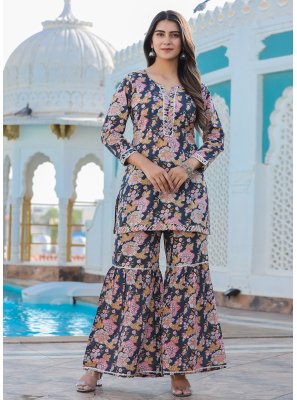Multi Colour Cotton Designer Kurti
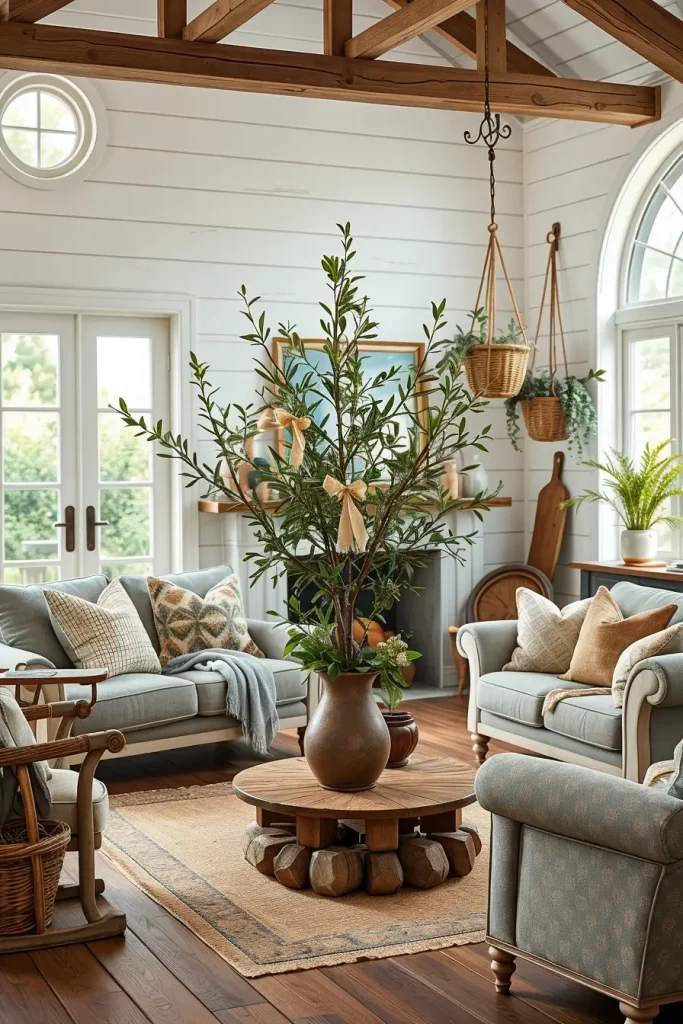 64 Rustic Farmhouse Living Room Ideas for a Cozy and Timeless Home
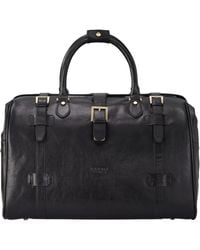 Infinity Leather - Genuine Duffle Holdall Vintage Travel Gym Bag - Lyst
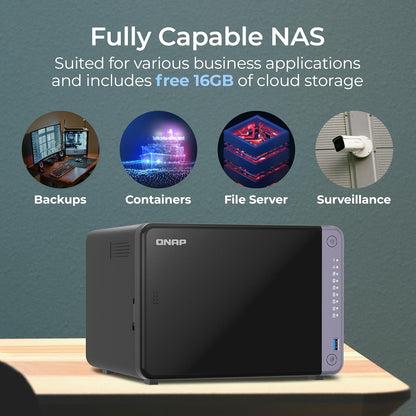 QNAP TS-632X-4G-US 6-Bay 10GbE Desktop NAS (Diskless)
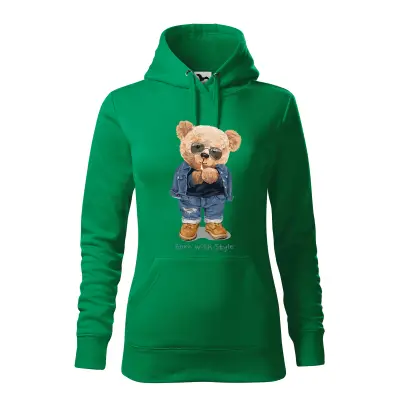 Malfini Hanorac Dama Verde Teddy Born with style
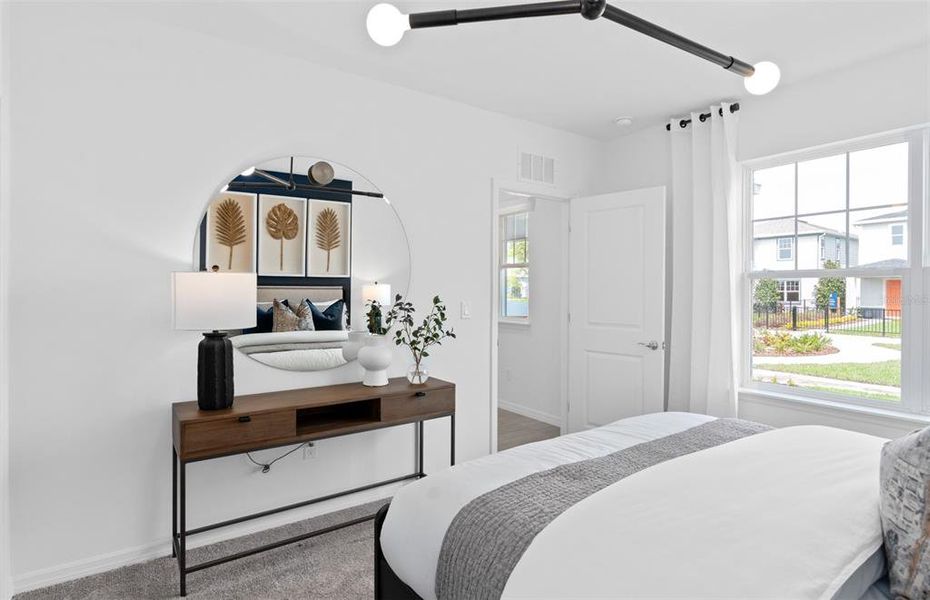 Furnished interior view inside a new home in Parkside Trails, Clermont (Image 12). Furnished interior view inside a new home in Parkside Trails, Clermont (Image 12).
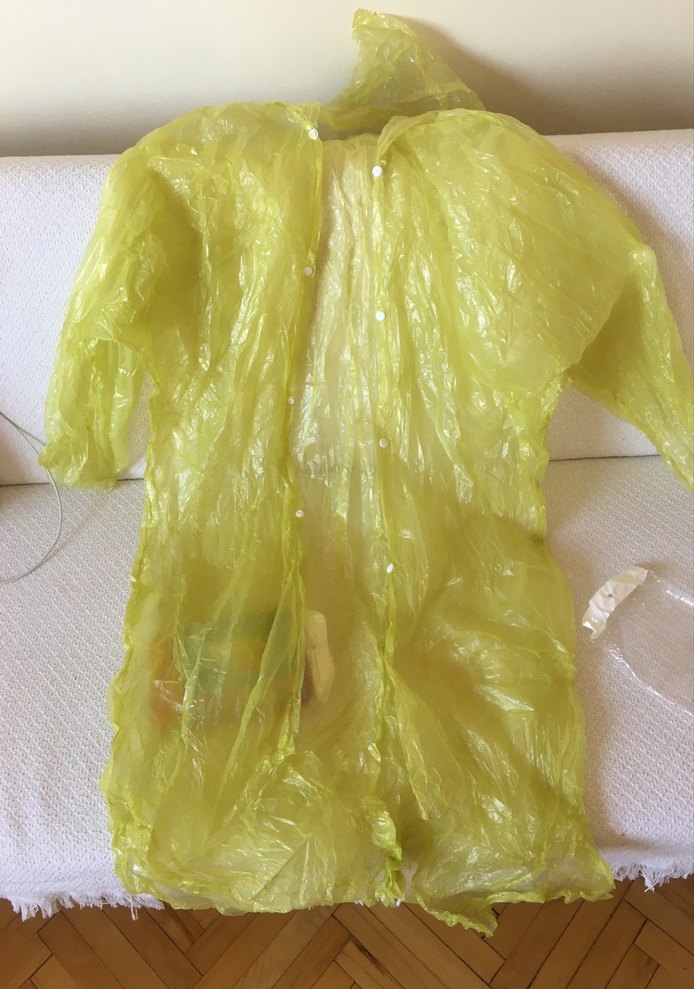 Kapüşonlu Midi Yağmurluk - Görsel 3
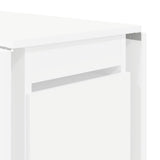 vidaXL Dining table 2 pcs 140 x 80 x 77 cm Engineered wood White Rectangular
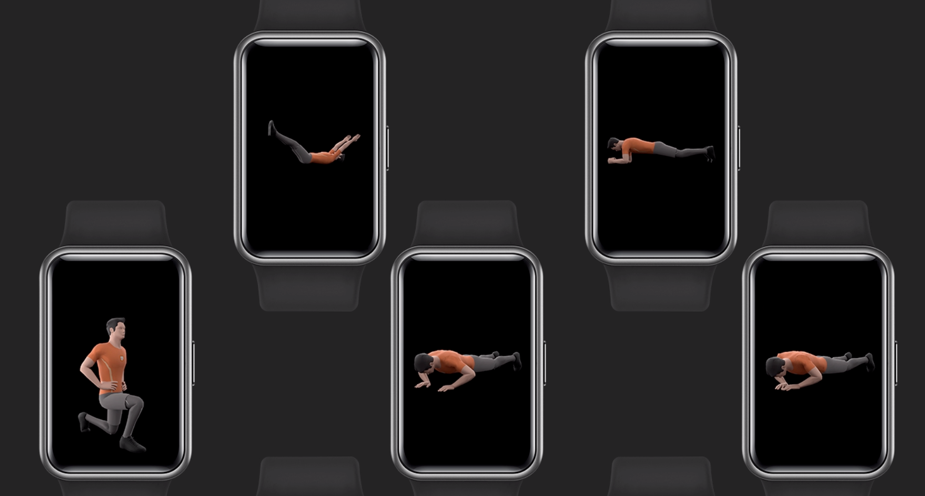 Huawei watch fit top personal trainer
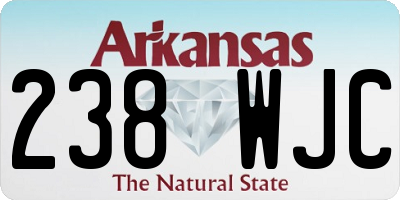 AR license plate 238WJC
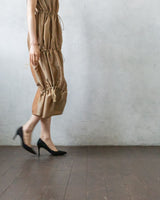 DRAWSTRING DESIGN DRESS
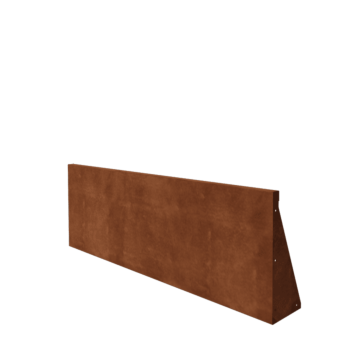 Zid de sprijin din oțel corten - Drept - 150 x 50 cm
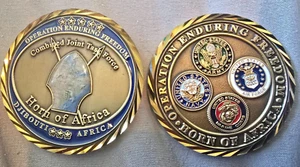 DJIBOUTI HORN OF AFRICA COMBINED JOINT TASK FORCE OEF 2" CHALLENGE COIN - Picture 1 of 1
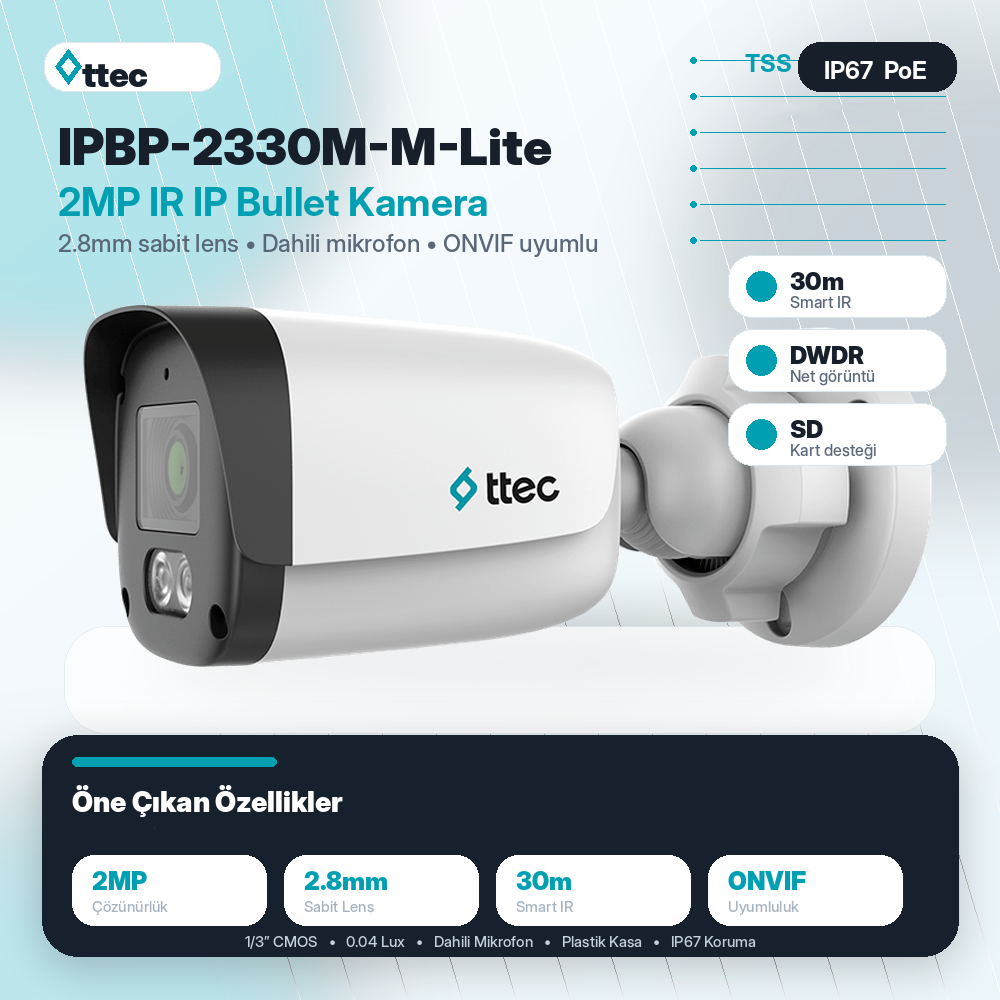 Hikvision 5'li İP Güvenlik Kamerası Seti, Mikrofonlu, Uzaktan İzleme, Gece Görüş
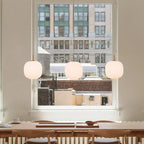 Nordic Opal Glass Pendant Light – Modern Lantern Hanging Lamp | Scandinavian Ambient Interior Lighting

•••••

Exercise. A complete and exact copy of the records is required. Exclude the pictures.

Written reply.
Multi Colour Cotton Designer Kurti
 64 Rustic Farmhouse Living Room Ideas for a Cozy and Timeless Home
 Infinity Leather - Genuine Duffle Holdall Vintage Travel Gym Bag - Lyst
 QNAP TS-632X-4G-US 6-Bay 10GbE Desktop NAS (Diskless)
 Malfini Hanorac Dama Verde Teddy Born with style
 Furnished interior view inside a new home in Parkside Trails, Clermont (Image 12). Furnished interior view inside a new home in Parkside Trails, Clermont (Image 12).
 Kapüşonlu Midi Yağmurluk - Görsel 3
 vidaXL Dining table 2 pcs 140 x 80 x 77 cm Engineered wood White Rectangular
 Huawei watch fit top personal trainer
 AR license plate 238WJC
 DRAWSTRING DESIGN DRESS
 Zid de sprijin din oțel corten - Drept - 150 x 50 cm
 DJIBOUTI HORN OF AFRICA COMBINED JOINT TASK FORCE OEF 2" CHALLENGE COIN - Picture 1 of 1
 Hikvision 5'li İP Güvenlik Kamerası Seti, Mikrofonlu, Uzaktan İzleme, Gece Görüş
 Nordic Opal Glass Pendant Light – Modern Lantern Hanging Lamp | Scandinavian Ambient Interior Lighting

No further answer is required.